Each line of the listing below should be restated word for word.

________

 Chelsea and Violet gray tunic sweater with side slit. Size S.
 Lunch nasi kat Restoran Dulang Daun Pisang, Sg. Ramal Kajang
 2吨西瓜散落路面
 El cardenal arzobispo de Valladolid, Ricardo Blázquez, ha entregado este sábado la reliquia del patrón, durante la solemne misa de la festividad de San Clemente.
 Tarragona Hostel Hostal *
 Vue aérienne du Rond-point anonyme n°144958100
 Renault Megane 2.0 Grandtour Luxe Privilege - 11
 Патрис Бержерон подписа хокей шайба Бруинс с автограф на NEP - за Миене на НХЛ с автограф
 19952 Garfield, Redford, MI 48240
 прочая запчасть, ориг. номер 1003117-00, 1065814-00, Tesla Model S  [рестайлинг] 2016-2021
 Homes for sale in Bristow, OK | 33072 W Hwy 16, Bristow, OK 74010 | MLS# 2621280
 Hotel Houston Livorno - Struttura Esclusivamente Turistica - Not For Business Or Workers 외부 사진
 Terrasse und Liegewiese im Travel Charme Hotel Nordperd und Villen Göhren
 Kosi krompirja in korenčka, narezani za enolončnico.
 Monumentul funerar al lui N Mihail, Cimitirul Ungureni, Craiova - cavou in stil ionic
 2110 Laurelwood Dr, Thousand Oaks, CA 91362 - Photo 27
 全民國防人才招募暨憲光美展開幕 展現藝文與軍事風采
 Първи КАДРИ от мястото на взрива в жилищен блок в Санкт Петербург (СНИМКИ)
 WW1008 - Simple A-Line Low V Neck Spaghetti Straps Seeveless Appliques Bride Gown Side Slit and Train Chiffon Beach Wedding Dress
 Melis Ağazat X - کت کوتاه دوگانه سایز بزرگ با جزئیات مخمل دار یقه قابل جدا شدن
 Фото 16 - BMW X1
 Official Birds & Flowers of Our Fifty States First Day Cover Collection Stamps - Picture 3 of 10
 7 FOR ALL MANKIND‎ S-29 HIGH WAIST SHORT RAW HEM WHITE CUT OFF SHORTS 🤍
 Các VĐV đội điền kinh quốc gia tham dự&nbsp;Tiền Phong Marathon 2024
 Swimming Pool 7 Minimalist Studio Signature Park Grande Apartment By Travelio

________

## Exercise output
 Chelsea and Violet gray tunic sweater with side slit. Size S.
 Lunch nasi kat Restoran Dulang Daun Pisang, Sg. Ramal Kajang
 2吨西瓜散落路面
 El cardenal arzobispo de Valladolid, Ricardo Blázquez, ha entregado este sábado la reliquia del patrón, durante la solemne misa de la festividad de San Clemente.
 Tarragona Hostel Hostal *
 Vue aérienne du Rond-point anonyme n°144958100
 Renault Megane 2.0 Grandtour Luxe Privilege - 11
 Патрис Бержерон подписа хокей шайба Бруинс с автограф на NEP - за Миене на НХЛ с автограф
 19952 Garfield, Redford, MI 48240
 прочая запчасть, ориг. номер 1003117-00, 1065814-00, Tesla Model S  [рестайлинг] 2016-2021
 Homes for sale in Bristow, OK | 33072 W Hwy 16, Bristow, OK 74010 | MLS# 2621280
 Hotel Houston Livorno - Struttura Esclusivamente Turistica - Not For Business Or Workers 외부 사진
 Terrasse und Liegewiese im Travel Charme Hotel Nordperd und Villen Göhren
 Kosi krompirja in korenčka, narezani za enolončnico.
 Monumentul funerar al lui N Mihail, Cimitirul Ungureni, Craiova - cavou in stil ionic
 2110 Laurelwood Dr, Thousand Oaks, CA 91362 - Photo 27
 全民國防人才招募暨憲光美展開幕 展現藝文與軍事風采
 Първи КАДРИ от мястото на взрива в жилищен блок в Санкт Петербург (СНИМКИ)
 WW1008 - Simple A-Line Low V Neck Spaghetti Straps Seeveless Appliques Bride Gown Side Slit and Train Chiffon Beach Wedding Dress
 Melis Ağazat X - کت کوتاه دوگانه سایز بزرگ با جزئیات مخمل دار یقه قابل جدا شدن
 Фото 16 - BMW X1
 Official Birds & Flowers of Our Fifty States First Day Cover Collection Stamps - Picture 3 of 10
 7 FOR ALL MANKIND‎ S-29 HIGH WAIST SHORT RAW HEM WHITE CUT OFF SHORTS 🤍
 Các VĐV đội điền kinh quốc gia tham dự&nbsp;Tiền Phong Marathon 2024
 Swimming Pool 7 Minimalist Studio Signature Park Grande Apartment By Travelio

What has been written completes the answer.